Task to complete:
Print, please, exactly the lines from the one with "Luxury Titanium Metallic" through the final line of the data below, with both ends included and the pictures left out.

Information supplied:
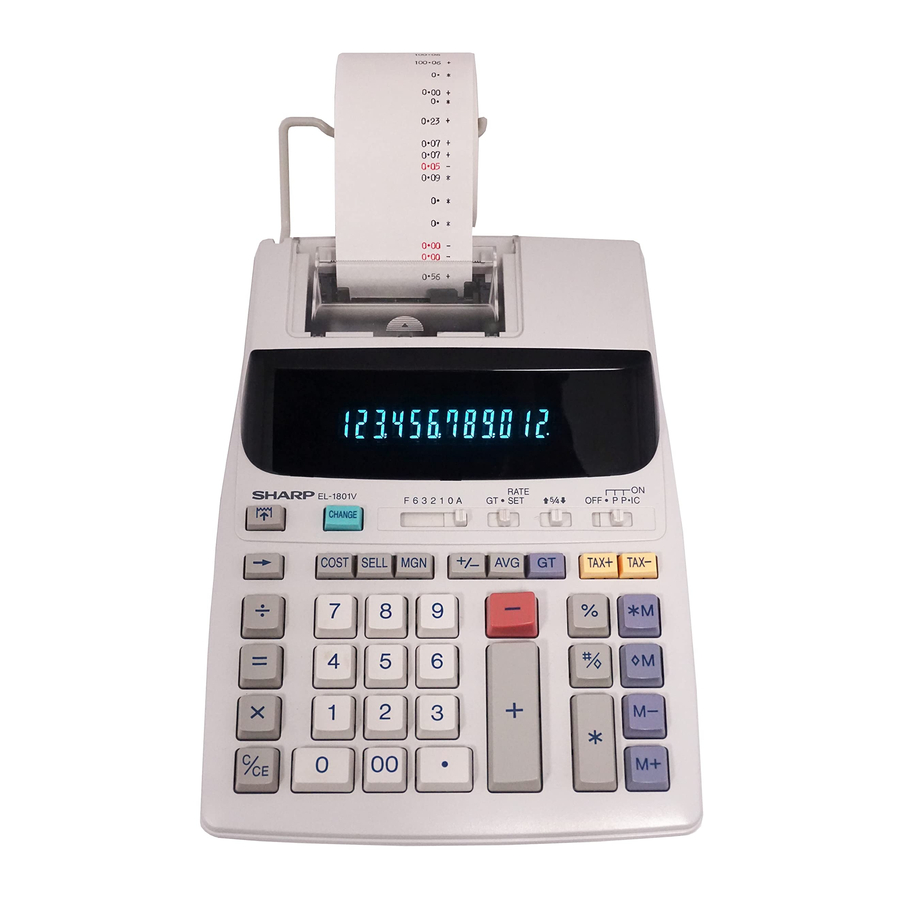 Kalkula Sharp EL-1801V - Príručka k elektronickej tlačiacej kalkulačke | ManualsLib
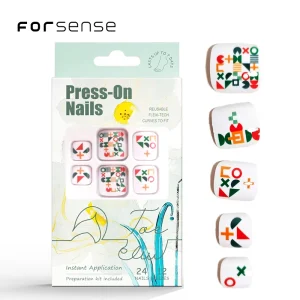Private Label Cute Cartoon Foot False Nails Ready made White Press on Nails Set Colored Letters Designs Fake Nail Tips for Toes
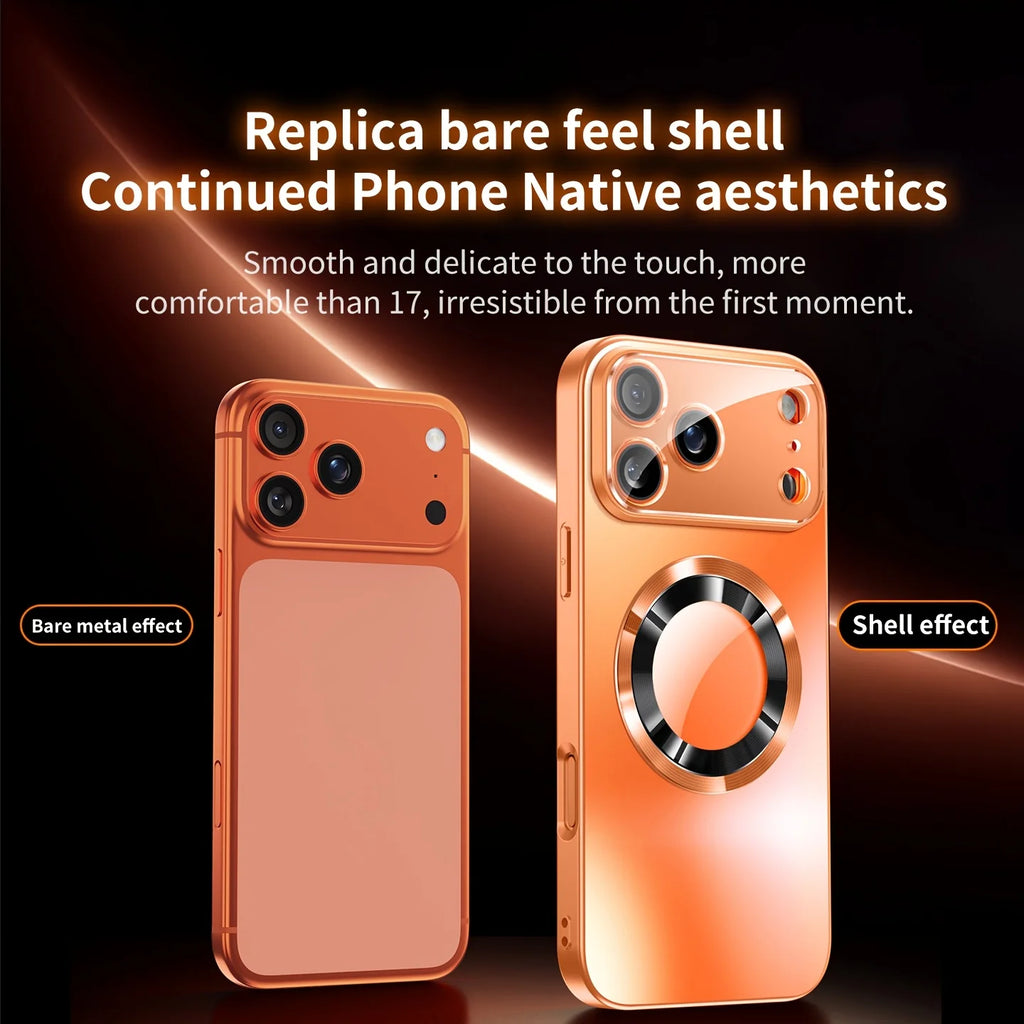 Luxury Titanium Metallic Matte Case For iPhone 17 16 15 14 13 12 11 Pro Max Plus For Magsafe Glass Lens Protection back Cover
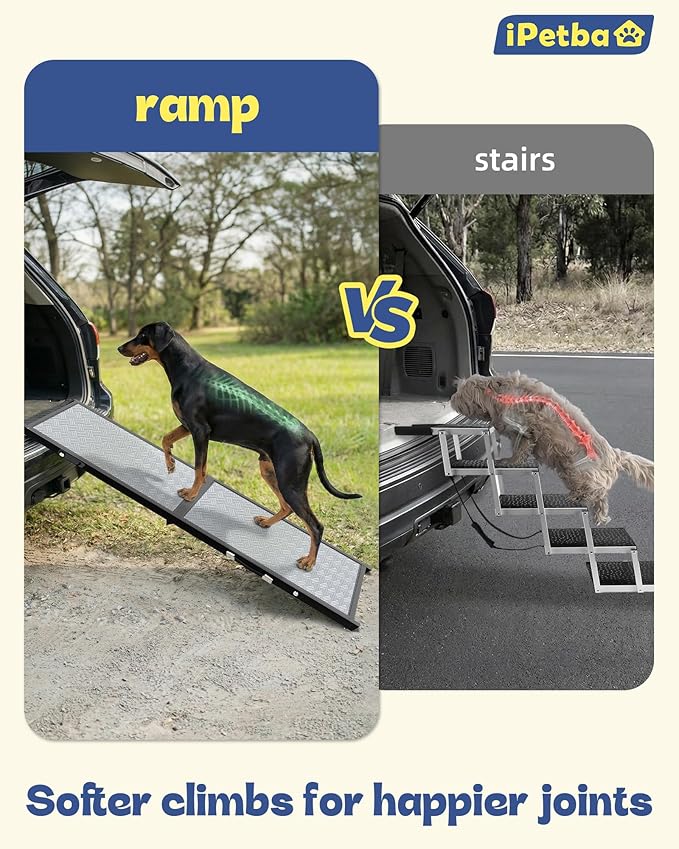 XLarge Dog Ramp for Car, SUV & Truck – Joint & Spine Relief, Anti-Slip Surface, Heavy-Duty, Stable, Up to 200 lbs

Answer space:
 Luxury Titanium Metallic Matte Case For iPhone 17 16 15 14 13 12 11 Pro Max Plus For Magsafe Glass Lens Protection back Cover
 XLarge Dog Ramp for Car, SUV & Truck – Joint & Spine Relief, Anti-Slip Surface, Heavy-Duty, Stable, Up to 200 lbs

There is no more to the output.